RE: Moving forward with hydra:filter (ISSUE-45) from Markus Lanthaler on 2015-11-26 (public-hydra@w3.org from November 2015)

From: Markus Lanthaler <markus.lanthaler@gmx.net>
Date: Thu, 26 Nov 2015 14:19:52 +0100
To: "'Hydra'" <public-hydra@w3.org>
Message-ID: <13d601d1284d$22c3dfb0$684b9f10$@gmx.net>
On 19 Nov 2015 at 09:29, Ruben Verborgh wrote:
>> Hi all,
>> 
>> Coming back to the issue of hydra:filter,
>> let's see if we can find something to all agree on.

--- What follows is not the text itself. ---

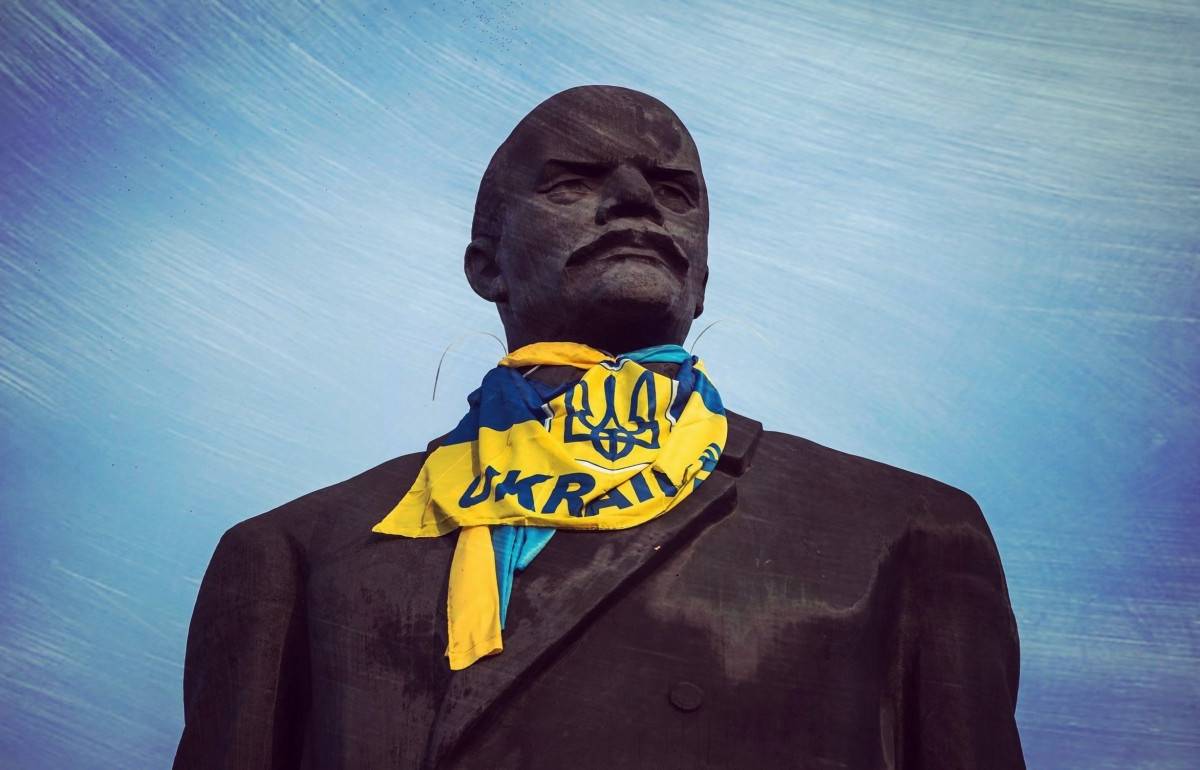 В эпидемии кори на Украине виноваты памятники Ленину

Sorry for the delay in responding.


>>>>>> This would be my suggested semantics for hydra:filter:
>>>>>> it's the specific case in which we combine conditions with AND.
>>>>>> Other predicates can be implemented differently;
>>>>>> they all can derive from hydra:search.
>>> 
>>> I don't think having different predicates for different logical
operators
>>> scales. Especially not if you consider that the number of parameters
varies.
>>> So we should come up with something else.
>> 
>> So, it would then always be hydra:filter for any boolean conditions,
>> but could the default meaning then be the commonly used AND?

Exactly.


>>>>> How will we be able to express [an empty value]?
>>>> 
>>>> This would require ExplicitRepresentation and "".
>>> 
>>> Why should an ExplicitRepresentation be interpreted differently? Or are
you
>>> saying that *no value* (instead of an empty string) of a property with
>>> ExplicitRepresentation represents a wildcard (match-all) then?
>> 
>> The problem is that, with BasicRepresentation, we cannot explicitly say
"empty string".
>> We can leave a value empty, but does that mean "no value given" or "empty
string"?

OK, great. We are on the same page.


>> Given an IRI template like /{?firstName,lastName},
>> we can serialize this as /?lastName=Hilton
>> if we don't want to provide a first name with BasicRepresentation.
>> However, this is not possible with /?first={firstName}&last={lastName}.
>> Furthermore, it is not compatible with HTML forms,
>> which always serialize all contents, even if fields are empty.
>> Also, in HTML search forms, the convention is that "empty = not
specified",
>> not that "empty = the value should have 0 characters".
>> 
>>>   ?property=&otherProperty=1  vs.  ?property=""&otherProperty=1
>> 
>> Given ExplicitRepresentation, the first would mean
>> that there are no constraints set on the field property,
>> whereas the second means that only collection items
>> with a zero-length property field should match.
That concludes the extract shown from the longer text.